Pictures excluded, return the lines below from the first through the line holding "So go ahead".

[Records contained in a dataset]
* * *

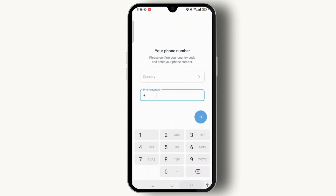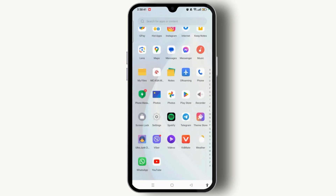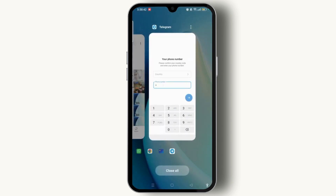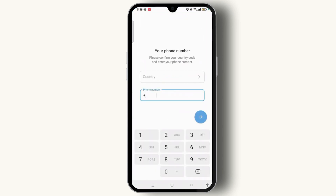As you can see, on this page we are now asked to enter our country, code, and phone number in order to create an account on Telegram. Here we don't see any email option for creating or logging into the Telegram account.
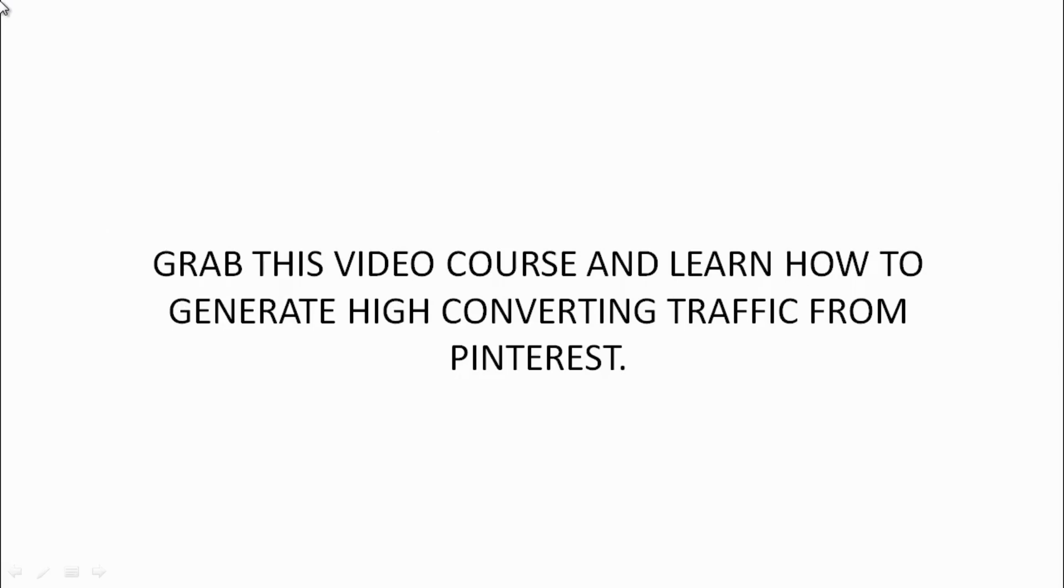So go ahead and grab this video course and learn how to generate high converting traffic from Pinterest.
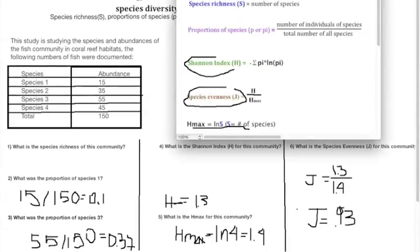And that is all I have on species diversity calculations. I hope this helped somewhat to understand the math behind all of this. Thank you for watching.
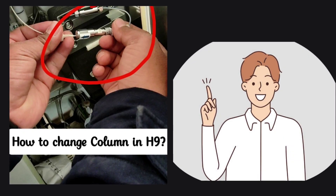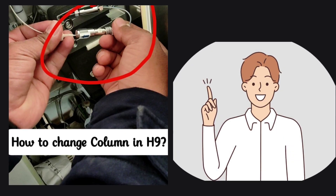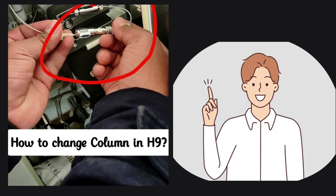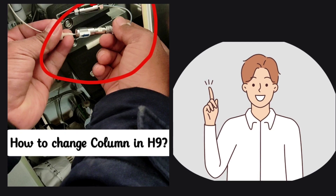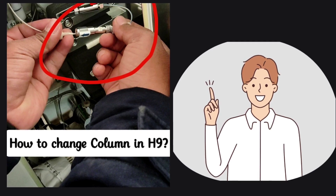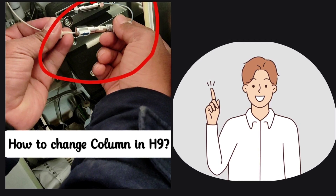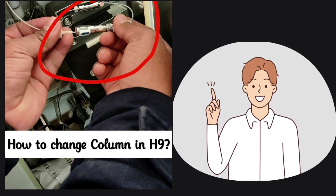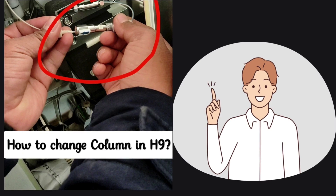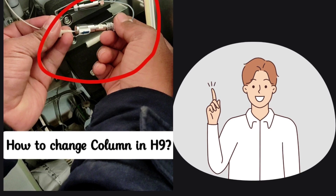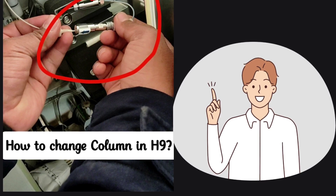Welcome you all. Here we are going to learn how we change the column in NH9, as this might help medical technologists when the test count is exceeded beyond 16,000.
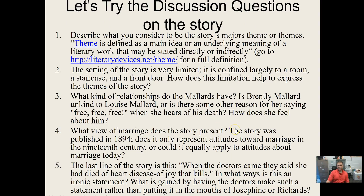Here are some discussion questions — you really should work through these on your own. Question one: describe what you consider to be the story's major theme or themes. A theme is defined as a main idea or underlying meaning of a literary work, stated directly or indirectly. Really look at Mrs. Mallard's thoughts once she locks herself in her room; this will tell you what the theme or underlying meaning of the story may be. Sometimes we look at things as symbolic — it's clearly springtime.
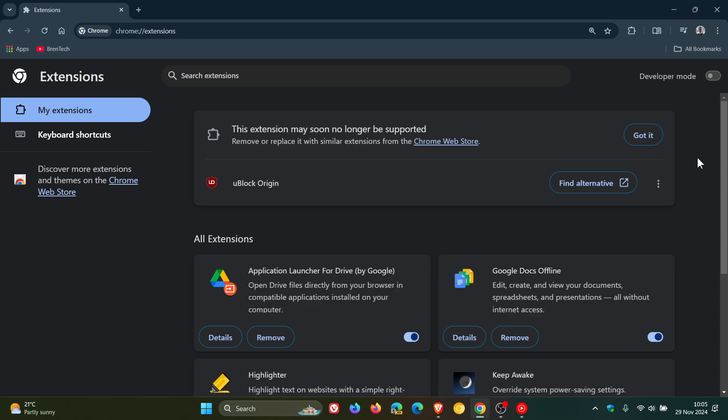Just to let you know that uBlock Origin is not going to be blocked in other Chromium based web browsers like Brave, Vivaldi, Edge, Opera and so on. It's Chrome and Google that are forcing this change.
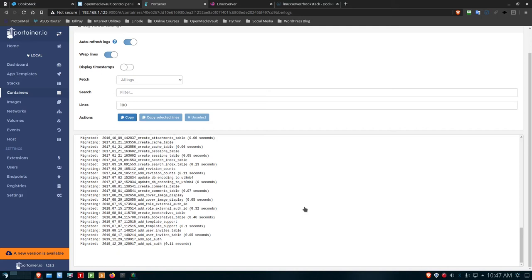By default, the username for Bookstack is going to be an email address: admin@admin.com, and the password is the word 'password'. You'll want to change both of those on yours. I'm going to pause the video here and come back so you don't have to wait — it takes about five minutes for Bookstack to completely finish its process.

* * *

» Response below:
As you can see, on this page we are now asked to enter our country, code, and phone number in order to create an account on Telegram. Here we don't see any email option for creating or logging into the Telegram account.
So go ahead and grab this video course and learn how to generate high converting traffic from Pinterest.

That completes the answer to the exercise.